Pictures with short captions

★ ★ ★ ★ ★

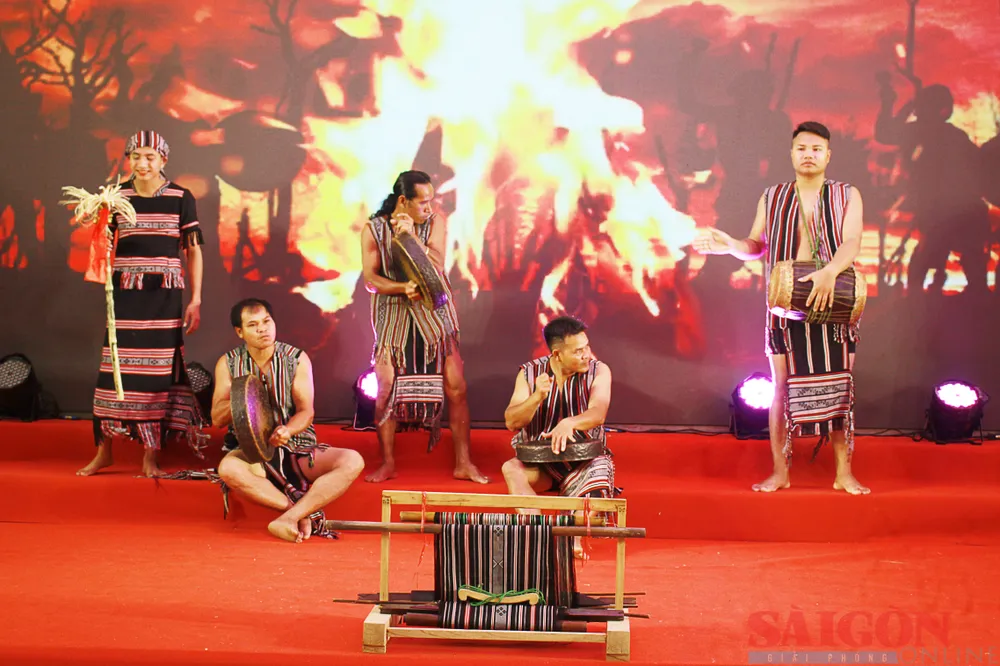 Văn hóa cồng chiêng của người Cor, huyện Trà Bồng, tỉnh Quảng Ngãi. Ảnh: NGUYỄN TRANG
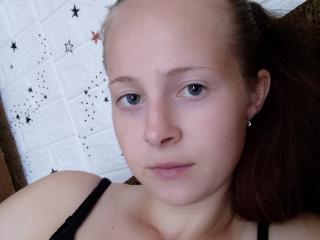 AlisaScott live cam model at XLoveCam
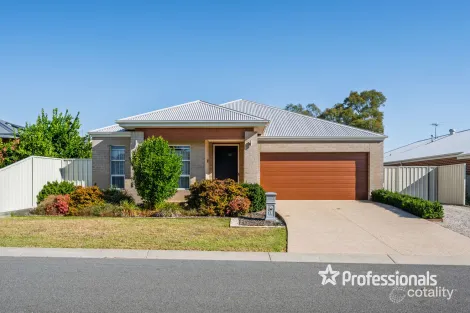 Property photo of 11 Rubicon Street West Wodonga VIC 3690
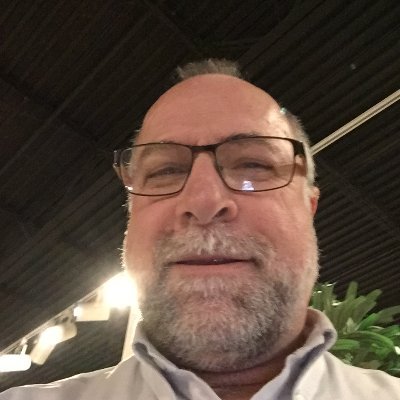 UX Designer, Front End Developer, Design student. #DesignThinking Huge NF fan. https://t.co/95O5e8EYjH Dream Big! Go Warriors, Giants, & Niners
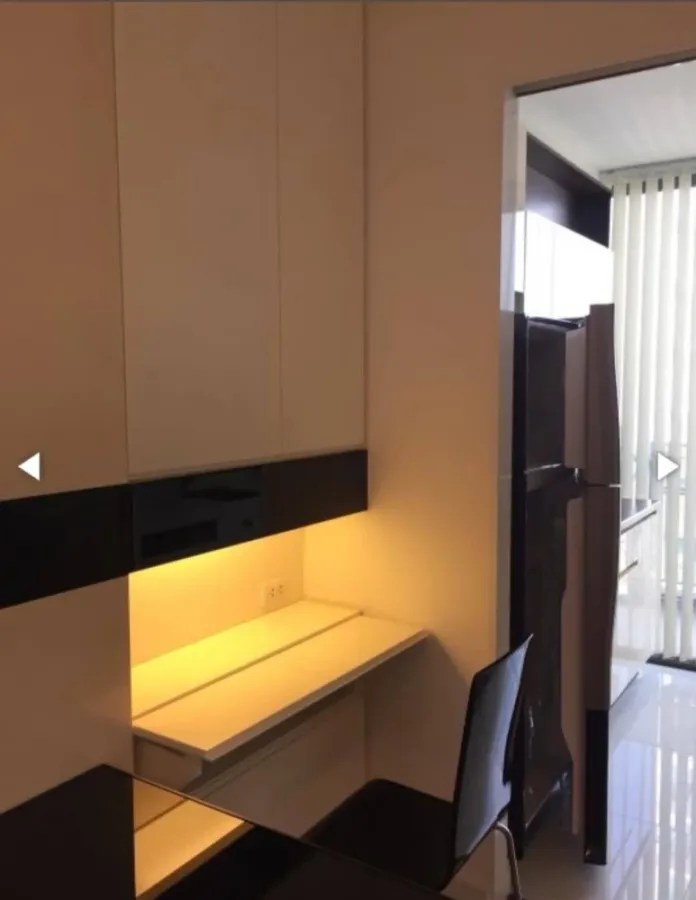 For sale or rent: The Room Sukhumvit 62, spacious and comfortable room, swimming pool view, ready to move in with just your bags.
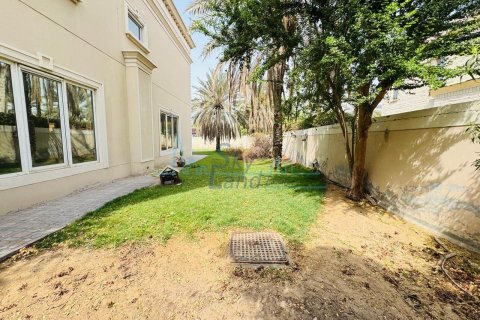 Villa de 5 dormitorios  No. 106972 13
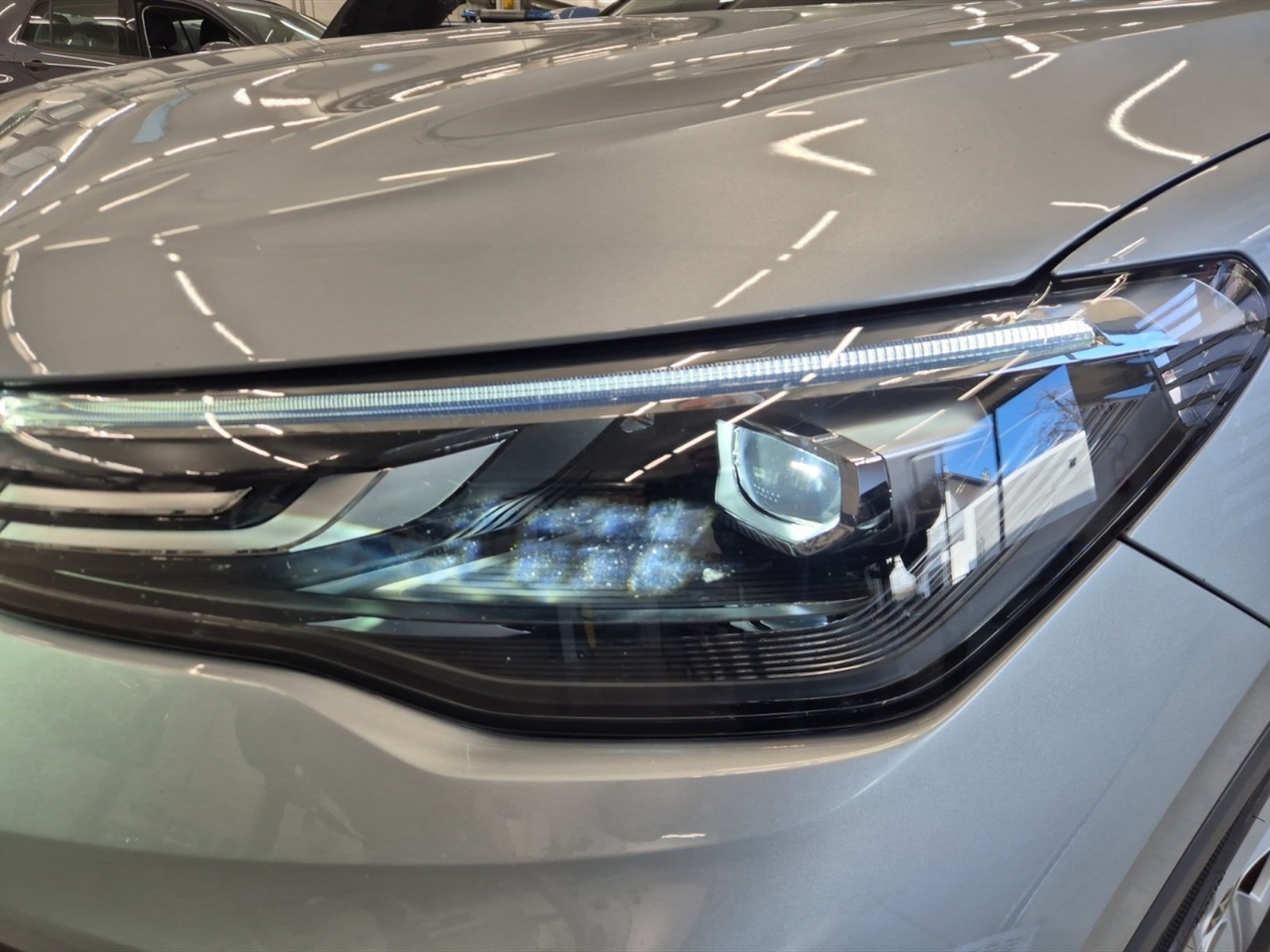 Volkswagen Tiguan 2.0 tdi life 150cv dsg - 22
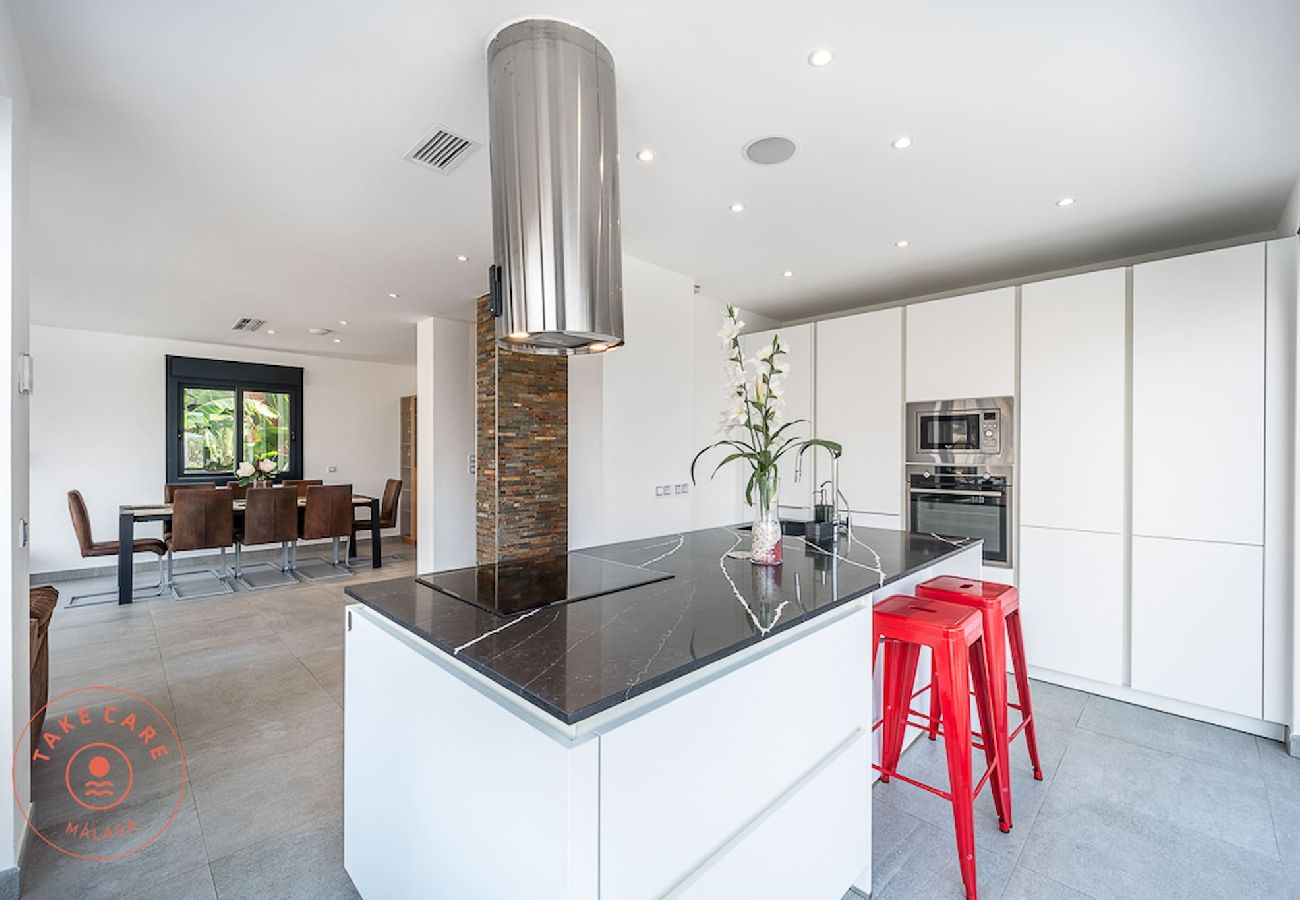 Villa in Torrox - Luxury Seaview Villa Celeste - TakeCareMalaga Villa in Torrox - Luxury Seaview Villa Celeste - TakeCareMalaga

★ ★ ★ ★ ★

▸ PROBLEM STATEMENT
The reply should hold an exact repeat of the entries from their opening line through the line with "UX Designer, Front", and no pictures at all.

▸ FINAL ANSWER
 Văn hóa cồng chiêng của người Cor, huyện Trà Bồng, tỉnh Quảng Ngãi. Ảnh: NGUYỄN TRANG
 AlisaScott live cam model at XLoveCam
 Property photo of 11 Rubicon Street West Wodonga VIC 3690
 UX Designer, Front End Developer, Design student. #DesignThinking Huge NF fan. https://t.co/95O5e8EYjH Dream Big! Go Warriors, Giants, & Niners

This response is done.